* **TASK GOAL**
In the entries below, find the line with "Patagonia M's Granite" and print exactly every line from there up to and including the line with "Porto 10 ans", with no other lines.
━━━━━ RECORDS FOR THIS EXERCISE
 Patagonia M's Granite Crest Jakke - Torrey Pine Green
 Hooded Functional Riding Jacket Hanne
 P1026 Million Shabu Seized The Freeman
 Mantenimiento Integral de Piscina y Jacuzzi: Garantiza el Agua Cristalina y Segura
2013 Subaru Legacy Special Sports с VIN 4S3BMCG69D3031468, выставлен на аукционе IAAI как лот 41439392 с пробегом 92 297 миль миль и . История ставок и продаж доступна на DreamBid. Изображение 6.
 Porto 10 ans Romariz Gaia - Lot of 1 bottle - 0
━━━━━━━━━━
━━━━━ RECORDS FOR THIS EXERCISE
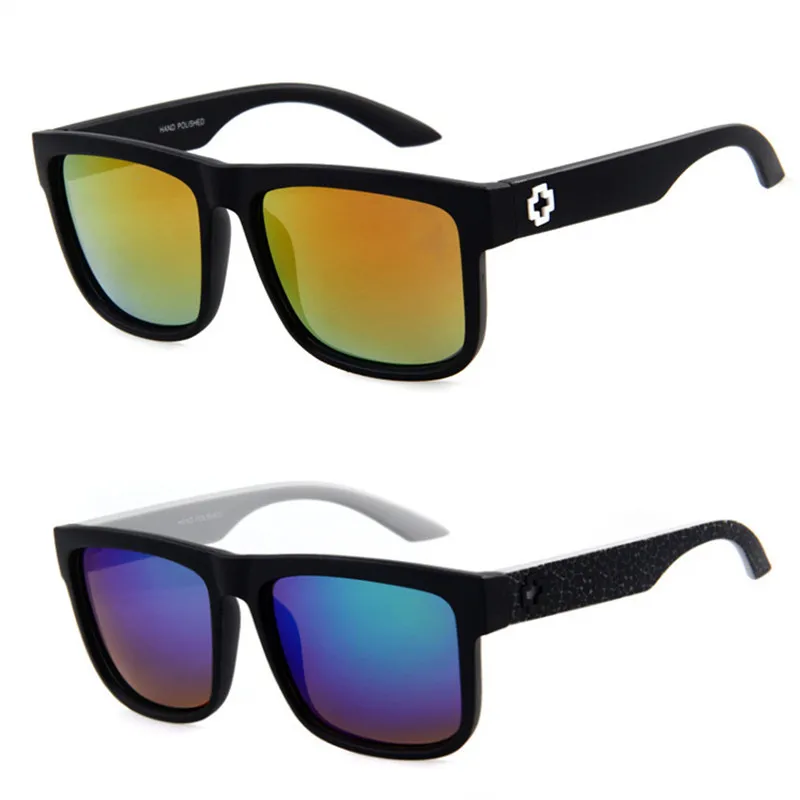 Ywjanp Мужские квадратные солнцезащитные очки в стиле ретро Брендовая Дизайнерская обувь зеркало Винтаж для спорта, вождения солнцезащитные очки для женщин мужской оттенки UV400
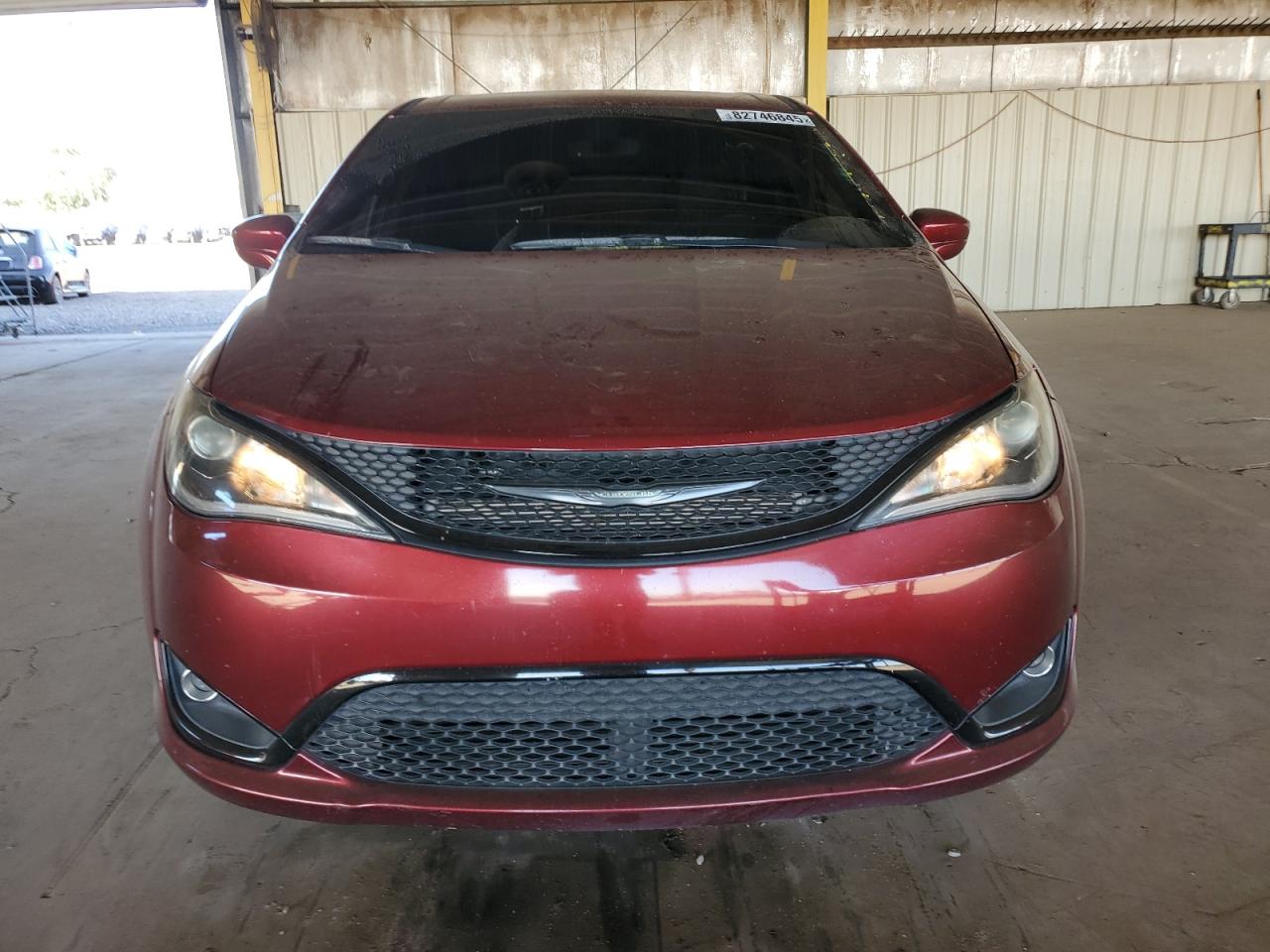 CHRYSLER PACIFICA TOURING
━━━━━━━━━━
━━━━━ RECORDS FOR THIS EXERCISE
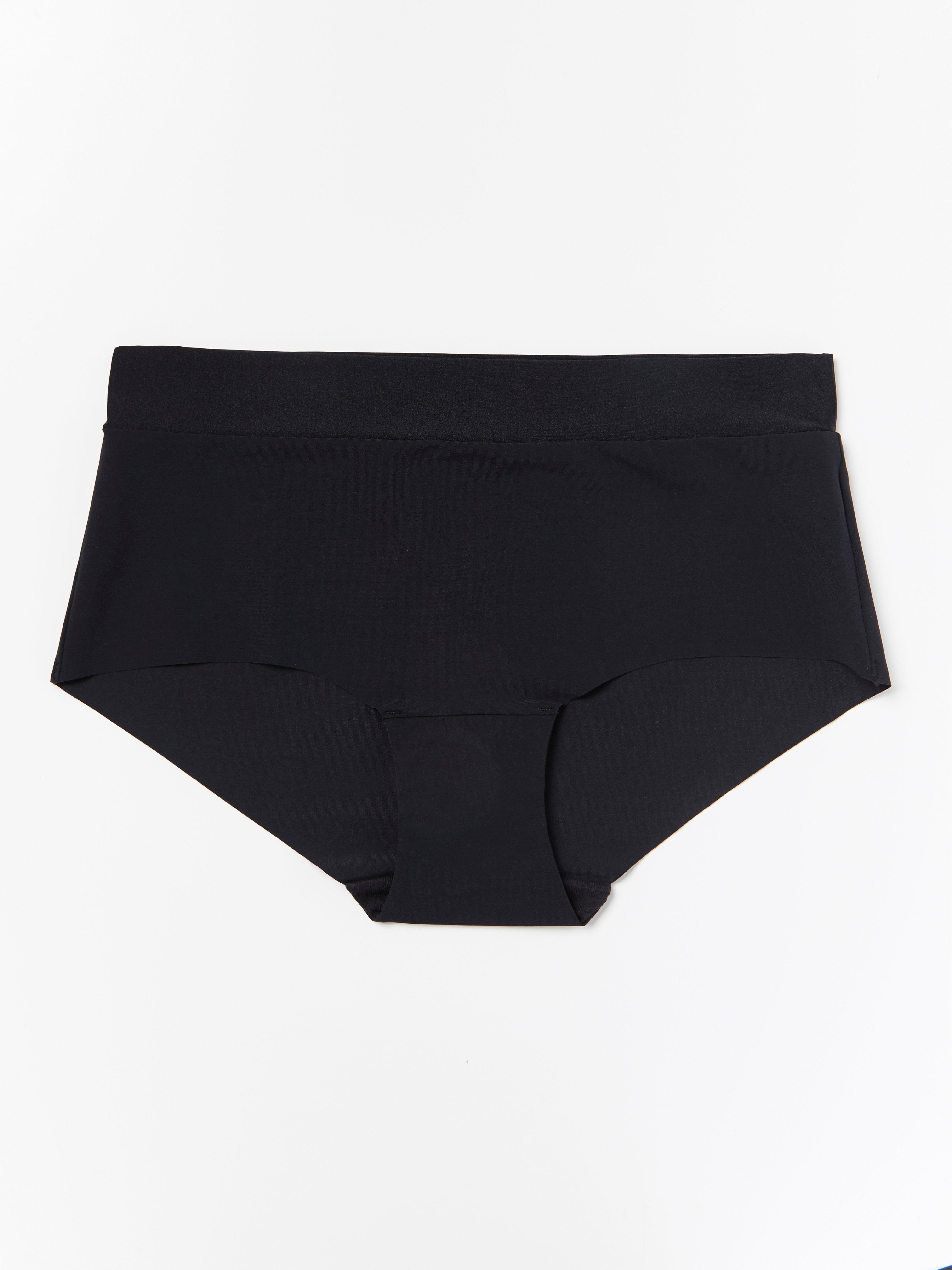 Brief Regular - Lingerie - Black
━━━━━━━━━━
* **RESULT**
 Patagonia M's Granite Crest Jakke - Torrey Pine Green
 Hooded Functional Riding Jacket Hanne
 P1026 Million Shabu Seized The Freeman
 Mantenimiento Integral de Piscina y Jacuzzi: Garantiza el Agua Cristalina y Segura
2013 Subaru Legacy Special Sports с VIN 4S3BMCG69D3031468, выставлен на аукционе IAAI как лот 41439392 с пробегом 92 297 миль миль и . История ставок и продаж доступна на DreamBid. Изображение 6.
 Porto 10 ans Romariz Gaia - Lot of 1 bottle - 0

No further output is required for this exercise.